Nunca houve uma tragédia infantil em São Paulo como a do Cine Teatro Oberdan, na rua Firmino Whitaker, antes chamada rua Xavantes, no Brás. Trinta e uma pessoas morreram pisoteadas, sendo 30 crianças, no dia 10 de abril de 1938. E tudo aconteceu por causa de um alarme falso que causou desespero nos espectadores que lotavam o local. Depois de um grito de "fogo" todos trataram de sair da sala ao mesmo tempo. As condições de segurança eram precárias e não havia saídas de emergência. O resultado foi um morticínio.
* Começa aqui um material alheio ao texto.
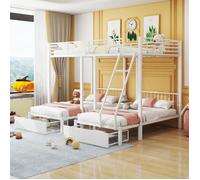 Lit superposé triple en métal avec tiroirs et échelle - Transformable en 3 lits - Blanc - 140x200cm et 2x90x200cm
O Oberdan era uma das salas mais luxuosas da cidade, com uma fachada imponente e 1600 lugares. O lugar impressionava pelo luxo nas escadarias e no hall principal. Foi inaugurado em 1929 e seu nome fazia homenagem ao irredentista e patriota Guglielmo Oberdan, que lutou pela unidade territorial da Itália. Morto por enforcamento por ter participado de uma conspiração para assassinar o imperador austríaco Francisco José, ele se tornou um mártir.

Cine Oberdan
Tragédia do Oberdan levou autoridades a reforçar os protocolos de segurança dos cinemas

A iniciativa de erguer o cinema foi, justamente, da Sociedade Italiana Leale Oberdan. Presidente honorário da entidade, o empresário Francesco Matarazzo bancou parte dos custos.
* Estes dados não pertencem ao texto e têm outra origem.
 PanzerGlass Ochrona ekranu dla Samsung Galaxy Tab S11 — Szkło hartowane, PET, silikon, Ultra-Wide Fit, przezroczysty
Naquele domingo fatídico o cinema estava lotado e exibia na matinê "Criminosos do Ar", de Charles Coleman. Parecia um programa tranquilo e divertido que não oferecia qualquer risco. Mas, de repente, a situação saiu do controle. Dizia-se que a movimentação enlouquecida das pessoas começou já no final do filme, depois de uma cena em que dois aviões se chocavam, mas a investigação policial mostrou que a origem da tragédia estava em um dos banheiros do local.

Uma criança de dez anos com dores de barriga queria usá-lo desesperadamente e quando chegou lá descobriu que não havia luz. Com a porta do banheiro entreaberta, decidiu atear fogo em jornais para melhorar a iluminação e fazer suas necessidades.
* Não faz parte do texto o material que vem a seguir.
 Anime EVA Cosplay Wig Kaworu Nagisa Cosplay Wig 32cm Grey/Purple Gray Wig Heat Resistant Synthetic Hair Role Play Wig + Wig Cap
Loja Zelo localizada no antigo Cine Oberdan
Loja Zelo localizada no antigo Cine Oberdan: fachada do prédio no Brás continua intacta

Foi aí que alguém da plateia avistou as chamas, sentiu o cheiro de queimado e deu o alarme de que acontecia um incêndio. Imediatamente todos deixaram suas cadeiras e saíram em disparada do cinema, com duas escadarias estreitas, que levavam ao andar superior e não suportavam o alto fluxo de pessoas, e com uma única porta de saída.

Na correria que se seguiu não havia distinção entre crianças e adultos e todos queriam salvar a própria pele. Sobrou o pior para os pequenos, ignorados na escuridão da sala. No meio do pânico geral foram esmagados pela multidão. Mães tentavam proteger suas crianças, como uma mulher chamada Maria Pereira, de 45 anos, única pessoa adulta a morrer na tragédia. Na tentativa de salvar sua filha Joana, com menos de um ano, que sobreviveu, Maria caiu nas escadarias e acabou sendo pisoteada.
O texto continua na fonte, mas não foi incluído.